You also need address the following:
- Inform your colleagues/employees of any changes to the current health and safety plan. Explain to them:
- Health and safety and the work they do;
- How risks are controlled;
- The best ways of providing information and training.
- Provide training and information for anyone who works with or for you, including contractors and self-employed people. You must provide clear instructions, information, and adequate training, so that everyone understands how they can work safely without any risks to their health.
- Provide the correct facilities for everyone in the workplace, including people with disabilities. Consider…
- Welfare facilities: Communal areas such as toilets and rest areas.
- Health issues: Clean ventilation, sustainable light, enough space to work.
- Safety issues: Maintain and clean the workplace regularly.

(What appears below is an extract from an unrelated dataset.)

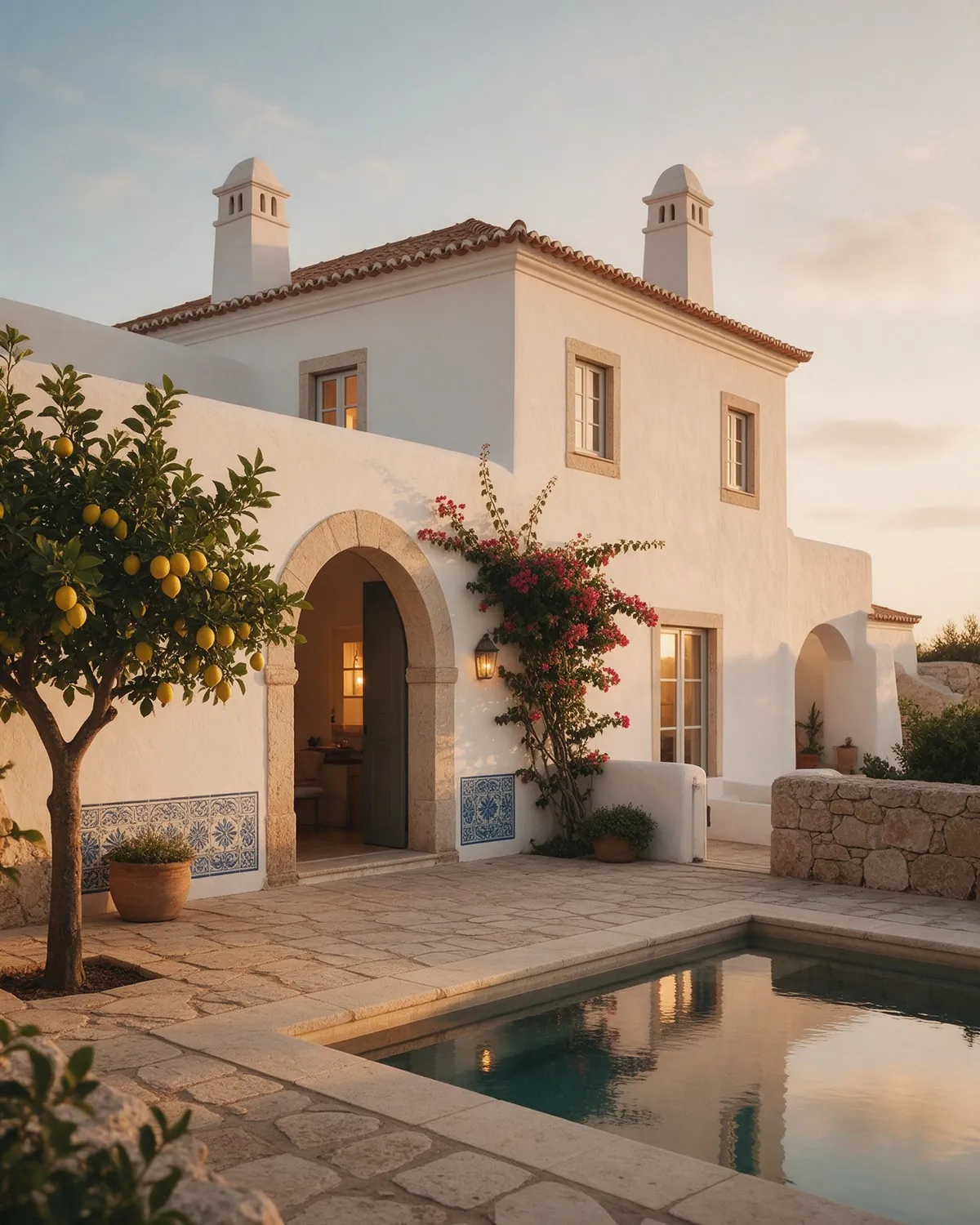 Casa portuguesa branca, com piscina e laranjeira, à venda em Portugal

- Make arrangements for first aid, ill health and accidents. It is crucial to have first-aid arrangements set out in your workplace. You are responsible for making sure employees receive the correct immediate attention if they are taken ill or are injured at work. The minimum requirements are:
- Suitably stocked first-aid box;
- An appointed person to take charge of first-aid arrangements;
- Information for all employees giving details of first-aid arrangements.
- Display the health and safety law poster within the workplace. The poster outlines UK health and safety laws and includes a straightforward list that tells workers what they and their employers need to do. This must be displayed somewhere that all employees can see it.
- Get the correct insurance for your business, specifically employers’ liability. If your business employs anyone, it is recommended to get employers liability insurance. Whilst the purpose of a health and safety strategy is to minimize and try to eliminate risks, accidents can still happen. If they do, and you do not have the correct business insurance, you may be left with compensation claims from the employee and legal costs.